▸ Exercise details:
Output the listing word for word, minus pictures.

▸ Given material:
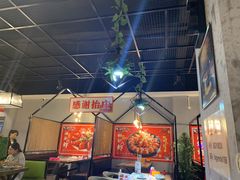 大堂-美膳居川菜馆油焖大虾烧烤(卓刀泉店)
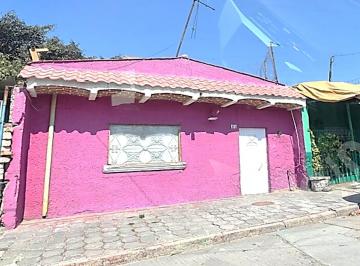 Casa de 3 habitaciones, San Pedro Tlaquepaque · Casa con Superficie de 126 m en Calle Libertad, Las Juntitas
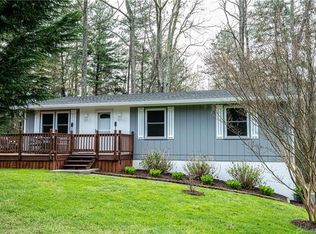 69 Broyles Rd, Hendersonville, NC 28791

▸ Answer below:
 大堂-美膳居川菜馆油焖大虾烧烤(卓刀泉店)
 Casa de 3 habitaciones, San Pedro Tlaquepaque · Casa con Superficie de 126 m en Calle Libertad, Las Juntitas
 69 Broyles Rd, Hendersonville, NC 28791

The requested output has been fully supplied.